# which is better?????!!??!?!?



## hondarider3 (Jul 19, 2010)

ok i have a choice between a 2002 recon and a 350 foreman 4wd, which should i get???? they are the same price and whichever i get will be my mud bike and for my friends to ride, also which is better for a starter bike, because if i get one my gf might ride it sometimes, and she isnt used to riding... btw the recon is es... and remember whichever i get my gf will ride, so i want one she will like


----------



## Polaris425 (Dec 16, 2004)

I'd rather have the 350 4wd... Is it a rancher? And no matter which you get, some personal advice, don't let your friends ride it.
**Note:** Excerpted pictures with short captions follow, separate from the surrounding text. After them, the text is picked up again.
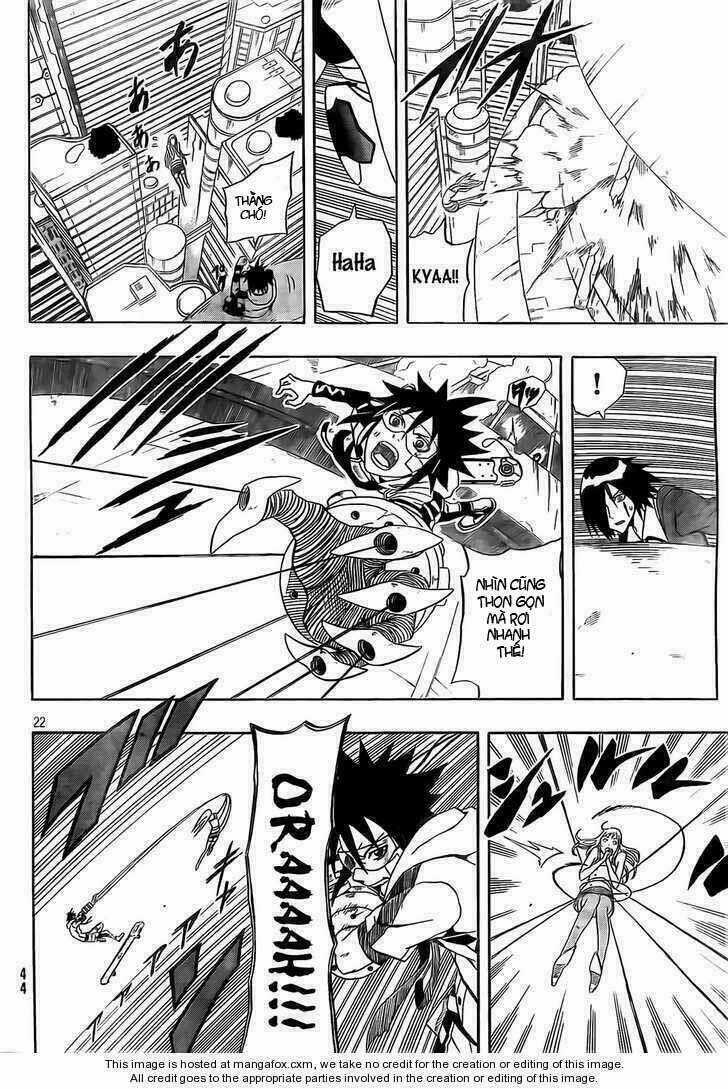 Blazer Driver - Chapter 16 - Trang 21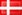 Denmark flag - hand reading network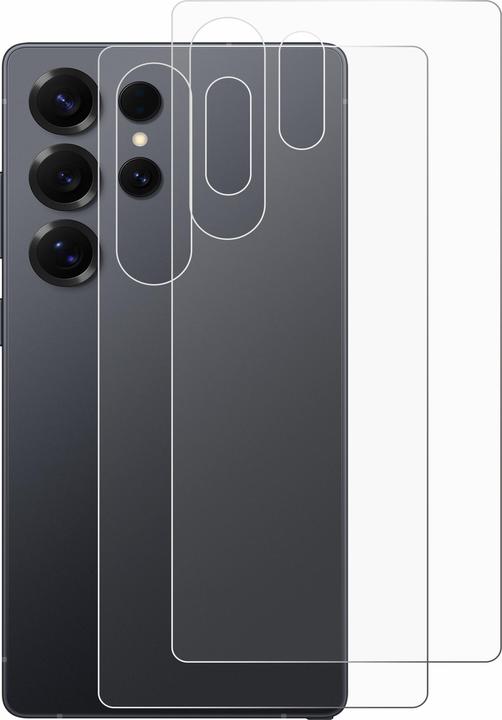 Immagine prodotto BROTECT Pellicola Trasparente (2 Pezzo/i, Samsung Galaxy S25 Ultra)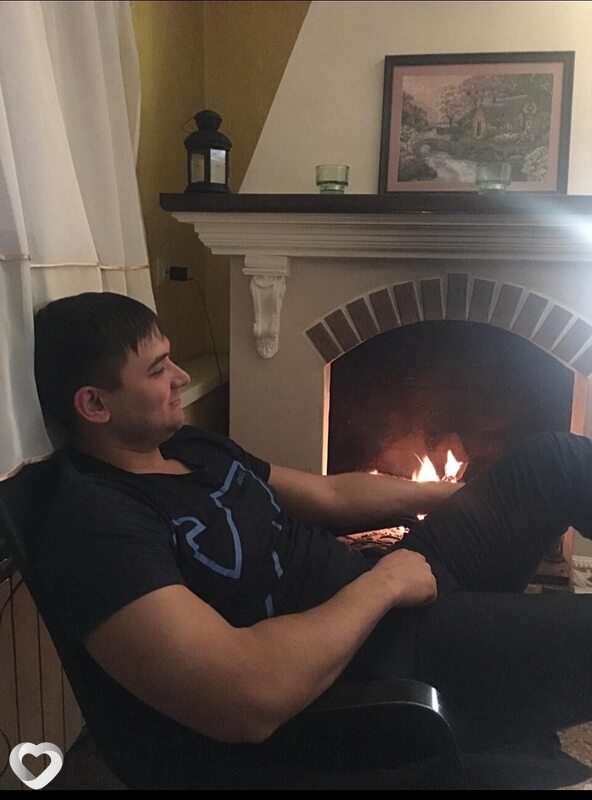 Дима, 36, Москве — анкета №500287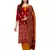 maroon Soft Cotton Wex Batik Print Suits
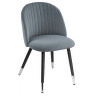 Стулья Gabi gray / black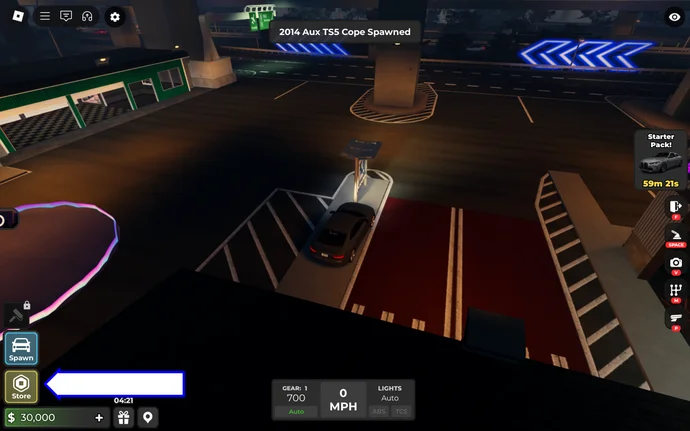 gamen.pro code midnight chasers 1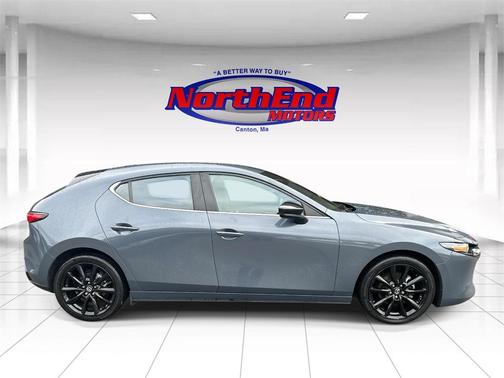 2024 Mazda Mazda3 AWD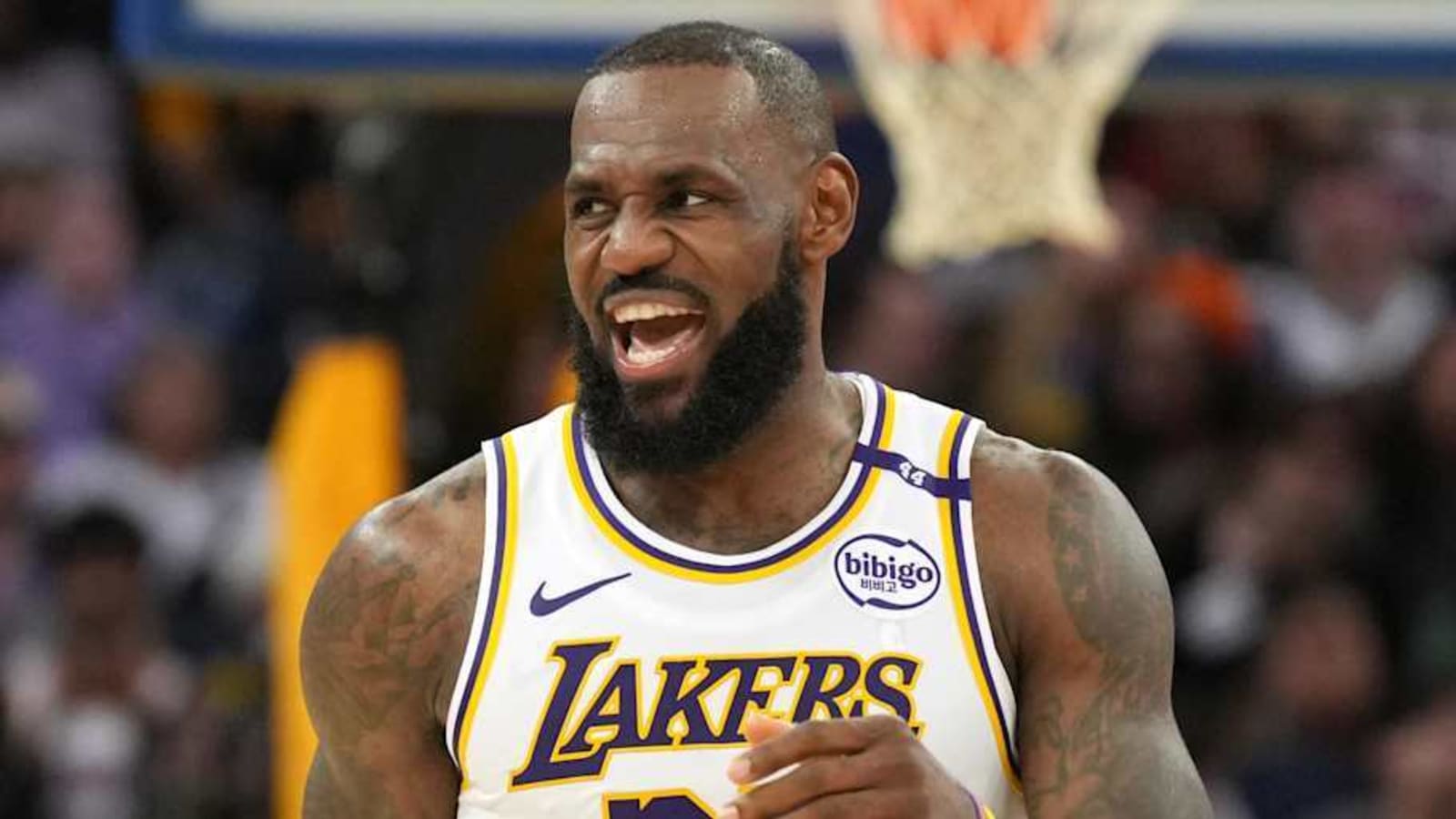 LeBron James Reveals How Many Years He Could Remain in NBA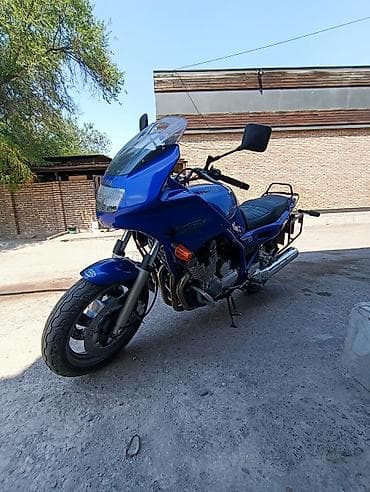 россрочку: Классический мотоцикл Yamaha, 900 куб. см, Бензин, Взрослый — 2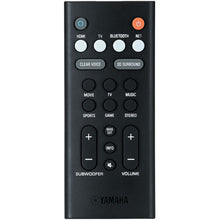 Yamaha YAS-109 Stereo Soundbar 4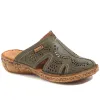 Leather Clogs - HAK37003 / 323 916 sold by Shoe-Shop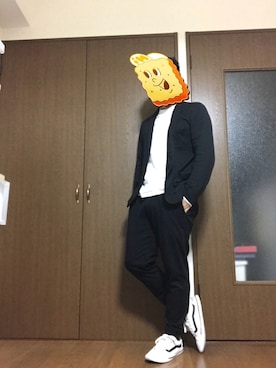 「ライトジャケット」｜にっこーさん（メンズ・161cm）の秋コーディネート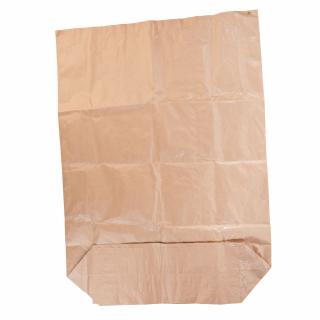 Sac de gunoi menajer compostabil - 120 litri 70x95x22 cm- din hartie - foarte rezistent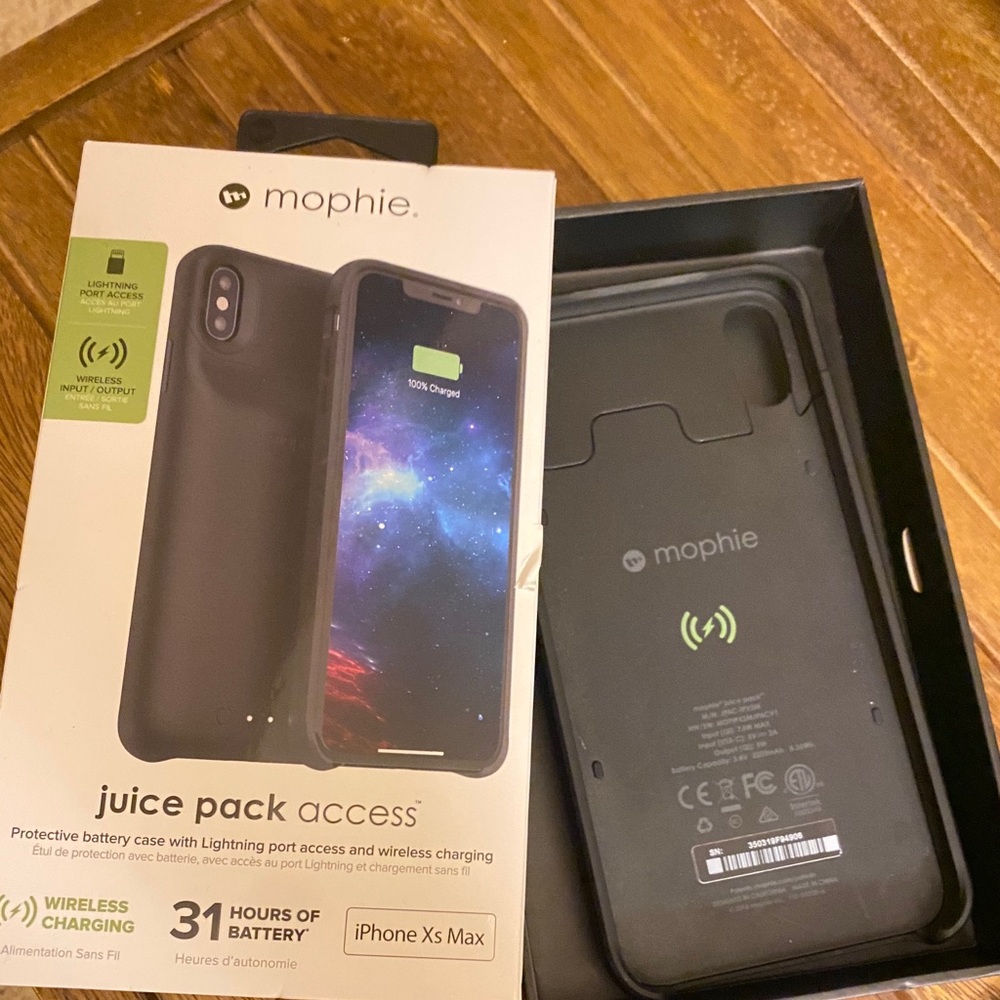 Charging Case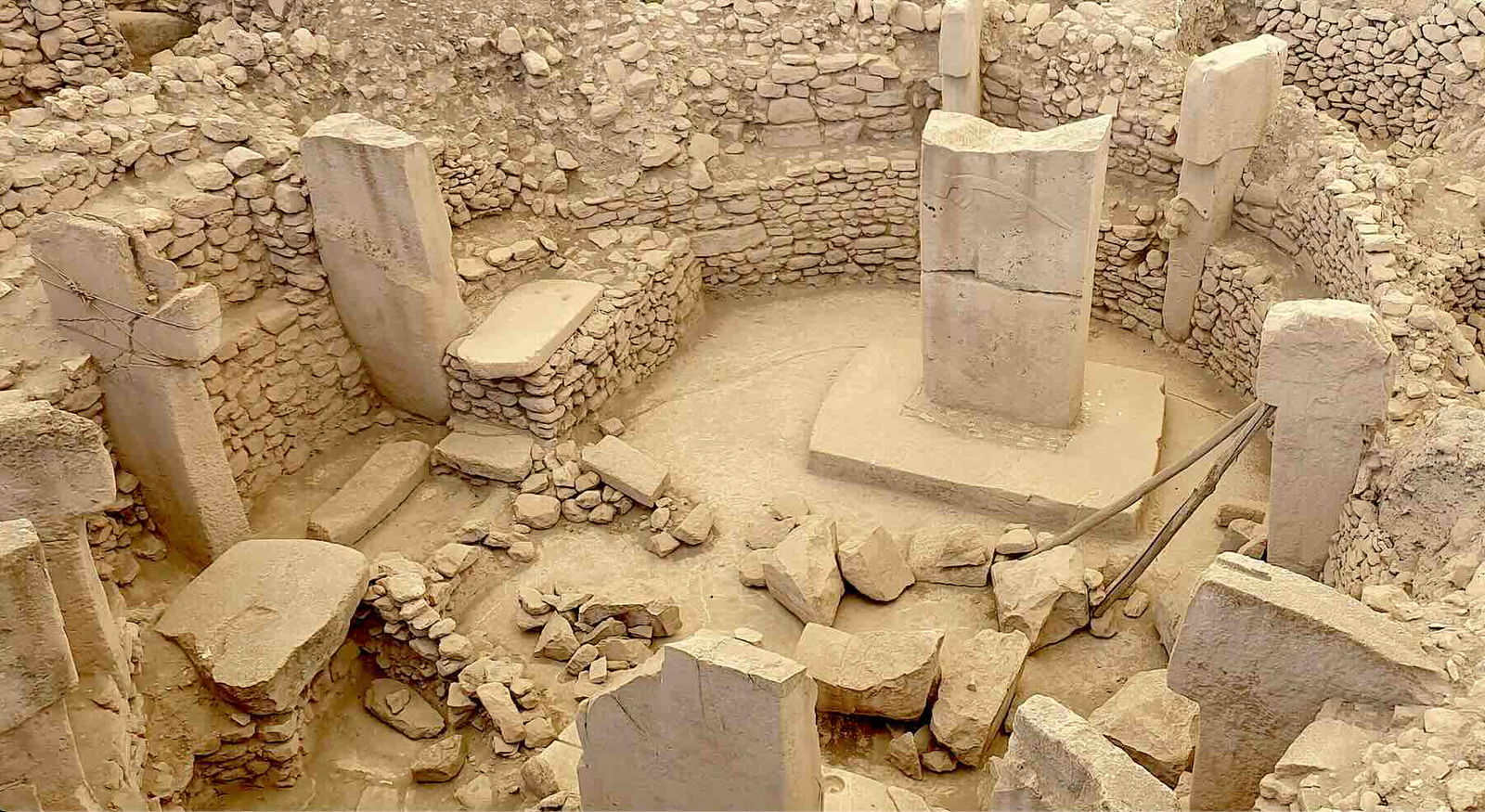 More mysteries at Gobekli Tepe | Paranormal Forum: Where the Paranormal ...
Friends tend to tear up your stuff sometimes. Lol


----------



## lilbigtonka (Dec 30, 2008)

Yes 4wd is always better then 2 when it comes to a recreational ATV


----------



## rubiconrider (Aug 26, 2009)

4x4 for sure. especially if its gonna be your mud bike.


----------



## filthyredneck (Feb 10, 2010)

id go with the 4x4... you'll only have regrets if you buy the Recon


----------



## hondarider3 (Jul 19, 2010)

its an 86 model foreman, so its older, and the bike is mostly going to be used for my gf and the recon is es so she will probably like it better, but she might also like the 4wd, she has ridden other at atv's but never had a foot shift so the es might be better


----------



## redriders250r (Sep 10, 2010)

parts for the foreman 350 are going to be harder to find if something was to break. the gas tank is under the seat and is steel and it WILL rust out on you. the 350 also uses a fuel pump to get the gas to the carb. tooo many problems with that bike being the first year that bike was produced. also has solid front axle on it. the recon will be lighter and should do fine in mud with a good set of rear tires anyways. plus parts can be found all over the place. hope i didnt burst your bubble on the 350 just giving my experience with one


----------



## hondarider3 (Jul 19, 2010)

well decided to try to get both, but its gonna be hard, lol then i will have 3 honda's, lol


----------



## filthyredneck (Feb 10, 2010)

Good luck


----------



## hondarider3 (Jul 19, 2010)

well the guy sold the foreman, so i guess im going to get the recon, and one day i will get me another 300 ,because i regret selling my old one, lol


----------



## tacoma_2002 (Jul 16, 2009)

I'd hold off on the Recon. A 350 Rancher, 300 4x4, or 400/450 Foreman can be had relatively cheap these days. Then you'll have a full sized capable bike instead of a "mini".

The 350 Foreman parts are hard to find, but the bikes were tough as nails. Probably a good thing you didn't but it because they ride ROUGH. The 350 foremans utilized a straight front axle design instead of a IFS setup like all newer bikes.

Good luck pal!


----------